Your Business

Create a Plan to Finish Your Business Year Strong

By Deborah Sweeney

In this article from MyCorporation’s Deborah Sweeney, 4 tips to help you plan the end of your business year.

It’s hard to believe we’re nearly done with the year again! As we sail through third quarter, with Q4 right on its heels, you may feel the weight of a very long to-do list. Add the holiday season into the mix, and the pressure is on to get everything wrapped up before January.

The key to ending the year smoothly is to prepare with care by establishing a strategic plan. While most of this plan will probably cover your marketing and sales initiatives for the holiday season, it will also help you conduct a year in review assessment of the business. That review should ultimately lead you right into the New Year—and may even end with a few resolutions for your company.

Ready to get a head start on your plan? Add these items to your agenda for a smooth Q3 and Q4.

1. Look back at any goals set in previous quarters.

Sometimes it’s critical to look back in order to move forward. Examine Q1 and Q2 in business, and the goals set in each quarter. Were you able to reach these goals? Which endeavors provided the biggest return on investment for your company? Which initiatives turned out to be flops? Double down on the strategies that performed well. Cut excess work that isn’t yielding results. If you find that you haven’t quite reached certain goals yet, you may want to create bite-sized goals instead. These goals are slightly less intimidating, and ultimately work to help you gradually reach larger, set goals.

Go a bit further and compare and contrast previous quarters from this year to last year. This will help you better define trends and develop an understanding of seasons where your business performs stronger than others. If you find slowdown trends at the same time each year, you may decide to run a special sale or introduce a new product to your existing offerings.

2. Optimize your website.

Depending on the type of business you run, it’s highly likely that you spent a considerable amount of time this summer creating holiday campaigns. These campaigns likely cover every seasonal event from back to school to Black Friday, so I won’t add “prep holiday campaigns” to this list.

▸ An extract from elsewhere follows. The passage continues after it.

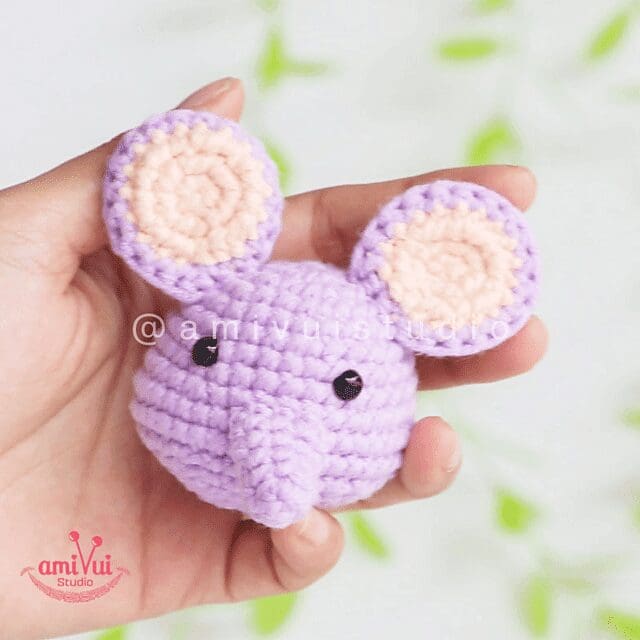 A hand holds a small crochet lavender mouse head with large round ears and black eyes. The mouse has a short snout, and the softly blurred background features green and white hues.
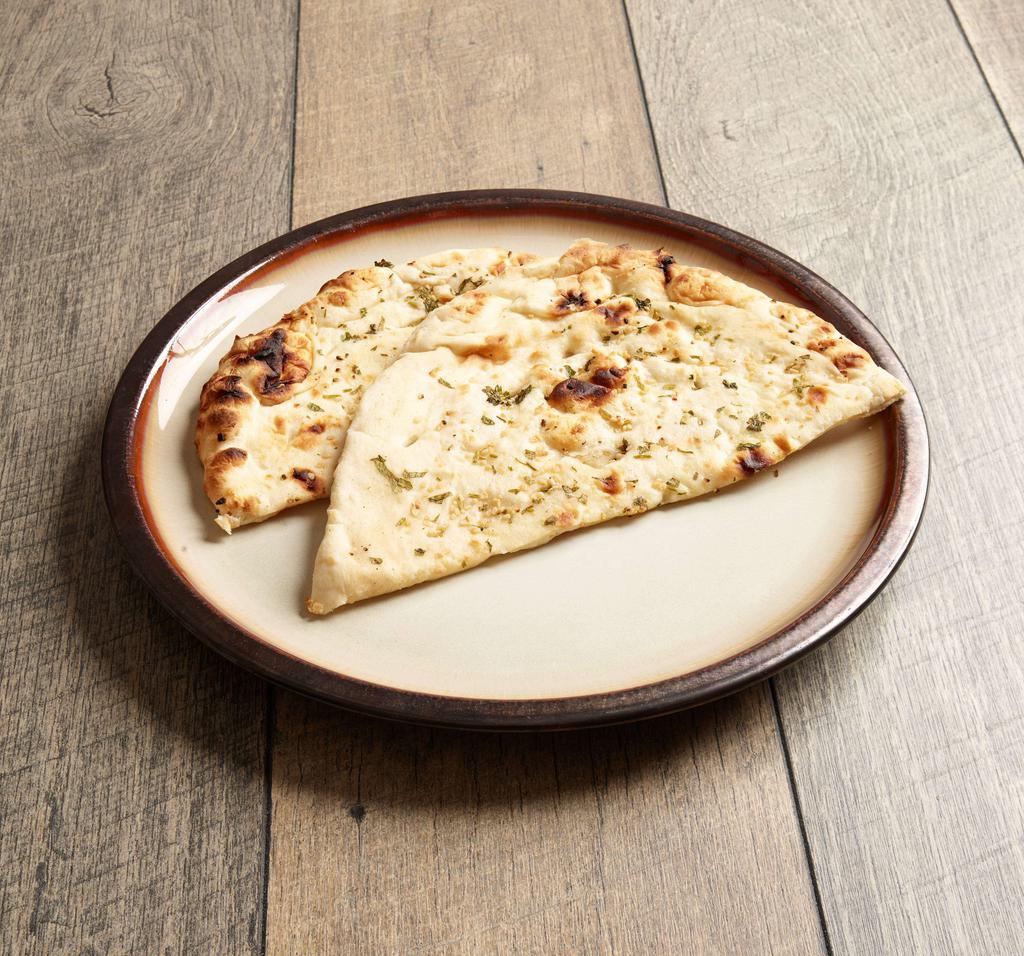 Garlic Naan · Tandoor baked garlic bread.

The focus should now be placed on optimizing your website.

Conduct inventory on your existing website. How quickly do its pages load across all devices, from desktop to mobile? Is it easy to navigate? Are customers able to make purchases in a timely manner, or do you find shopping carts are often abandoned?

If you find the answer to these questions is not consistently positive, then it’s time to optimize your website for the final quarters. This will ensure that customers have a seamless shopping experience throughout the remaining months left in the calendar year.

3. Decide if you will need to hire seasonal employees.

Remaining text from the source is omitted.